Bustamante – Existe ainda muita incerteza em relação a isso
porque estamos falando de números globais. Essa é uma das limitações do
relatório, não há como fazer uma avaliação específica para um país ou
região. Caberá agora aos países, de posse da informação mais geral,
fazer uma estimativa própria. Há um custo de implementar essas medidas
de mitigação, mas, por outro lado, as mudanças trazem uma série de
benefícios adicionais que têm de ser computados nessa conta. Pode haver
melhoria da qualidade de vida pela redução da poluição atmosférica e
distribuição de recursos de forma mais eficiente para as pessoas. É
preciso considerar que vivemos em um mundo ainda muito desigual. Há
países que já atingiram bom patamar de desenvolvimento e bem-estar
humano e outros que ainda buscam atingir os patamares mais básicos de
bem-estar. Esses países que hoje constroem sua infraestrutura e estão
elaborando seus projetos de desenvolvimento devem optar por rotas que
tenham em si o contexto do desenvolvimento sustentável. O interessante
seria que eles não deixassem de se desenvolver, mas já buscassem
alternativas menos intensivas em termos de emissão de carbono.

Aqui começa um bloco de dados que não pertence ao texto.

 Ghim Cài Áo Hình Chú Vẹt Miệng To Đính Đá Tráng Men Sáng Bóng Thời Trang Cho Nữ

Agência FAPESP – O Brasil não está na contramão dessa proposta com os investimentos em exploração de petróleo e termelétricas?
Bustamante – O Ministério da Ciência e Tecnologia publicou no ano
passado um relatório com as estimativas das emissões brasileiras. É
possível observar que houve uma mudança no perfil da emissões
brasileiras em comparação com 2005, quando eram fortemente determinadas
pelo desmatamento e pela agricultura. Em 2010, a produção de energia e a
agricultura passaram a ser setores majoritários nas emissões
brasileiras. A situação recente do país mostra a necessidade de
investimentos urgentes para diversificar as fontes de energia.
Agência FAPESP – Na sua opinião, o Brasil deveria investir mais em bioenergia?
Bustamante – Sim, e também deveria investir no aumento de sua eficiência energética e na diversificação das fontes de energia.
Agência FAPESP – O documento divulgado neste domingo deverá
embasar as negociações de um novo acordo climático que vai substituir o
Protocolo de Kyoto, certo?
Bustamante – Como o sumário é aprovado pela plenária da ONU, da
qual os governos fazem parte, passa a ser um instrumento da negociação
internacional. Então essas mensagens deverão subsidiar o processo de
negociação de clima em 2014 e 2015, para tentar chegar a um novo acordo
que entrará em vigor em 2020. Esse relatório, portanto, chega num
momento crucial. A sociedade precisa se preparar para os impactos que
virão. Ainda que adotemos agora as ações de mitigação, os impactos
continuarão acontecendo. Daí a importância da adaptação.
Agência FAPESP – A senhora acredita que todos os países estão prontos para assumir um compromisso global de redução de emissões?
Bustamante – Pelo sistema da ONU, no qual há necessidade de um
acordo global definido por consenso, é sempre muito difícil. Trabalhamos
com realidades e sistemas políticos muito diferentes. Um acordo global é
necessário; por outro lado, temos observado um aumento das iniciativas
regionais e binacionais. Começam a acontecer ações que não
necessariamente estão sob um chapéu de um acordo global, mas podem
favorecer muito as ações de mitigação também. É inegável, no entanto,
que todos os países terão de aportar suas contribuições. O que não pode
acontecer é chegar a 2020 acreditando que teremos mais 20 anos para
começar a agir. A tomada de decisão rápida é fundamental.